Improving storage efficiency in large malware repositories
Large malware repositories store as many variants of malware as possible. Typically, they do not filter out samples similar to already stored samples during the processing of incoming malware feeds, and they store similar samples as separate instances. A consequence of this is that identical byte sequences that occur in different variants of the same malware are stored multiple times, and this results in an inefficient use of storage resources. Previous analysis has shown that this redundant storage of the same bytes sequences can account for more than half the storage needs of large malware repositories.
The task of the student is to design and implement a storage scheme that removes redundant storage of the same byte sequences as much as possible, hence improving the storage efficiency of large malware repositories. This task involves studying how the degree of similarity between malware samples can be measured and quantified at the byte sequence level, how to identify the causes of similar and dissimilar byte sequences in otherwise similar samples, how similarity metrics can help finding clusters of similar samples in a large malware repository, and how such clusters can be stored efficiently by some sort of differential storage method.
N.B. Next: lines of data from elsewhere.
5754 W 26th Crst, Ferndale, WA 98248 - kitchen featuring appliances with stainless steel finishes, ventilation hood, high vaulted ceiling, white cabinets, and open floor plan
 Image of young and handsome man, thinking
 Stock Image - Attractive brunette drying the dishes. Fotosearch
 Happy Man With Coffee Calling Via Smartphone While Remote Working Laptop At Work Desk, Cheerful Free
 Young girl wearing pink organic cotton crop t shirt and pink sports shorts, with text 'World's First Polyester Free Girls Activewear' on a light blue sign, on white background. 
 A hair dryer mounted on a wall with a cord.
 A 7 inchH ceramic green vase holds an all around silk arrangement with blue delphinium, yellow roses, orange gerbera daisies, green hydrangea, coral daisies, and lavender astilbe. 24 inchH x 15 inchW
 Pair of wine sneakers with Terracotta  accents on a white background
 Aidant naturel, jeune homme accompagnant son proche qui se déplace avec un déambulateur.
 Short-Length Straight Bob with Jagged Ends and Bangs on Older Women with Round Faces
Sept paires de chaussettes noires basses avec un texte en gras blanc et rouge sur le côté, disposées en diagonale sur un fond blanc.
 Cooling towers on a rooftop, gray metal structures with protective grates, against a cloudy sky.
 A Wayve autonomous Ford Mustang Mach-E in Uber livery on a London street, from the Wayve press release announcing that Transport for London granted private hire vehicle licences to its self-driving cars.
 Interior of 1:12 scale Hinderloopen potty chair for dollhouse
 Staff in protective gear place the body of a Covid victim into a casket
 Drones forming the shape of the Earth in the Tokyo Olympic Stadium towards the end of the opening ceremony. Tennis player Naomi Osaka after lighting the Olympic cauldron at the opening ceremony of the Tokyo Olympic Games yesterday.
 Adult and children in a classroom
The student should identify and overview existing approaches for differential storage systems and select an approach that best fits the needs of large malware repositories. Finally, based on all the mentioned studies and overview of the literature and existing solutions, the student should design and implement a prototype differential storage system suitable for large malware repositories, and evaluate the efficiency gains that it provides compared to the traditional, redundant storage of samples.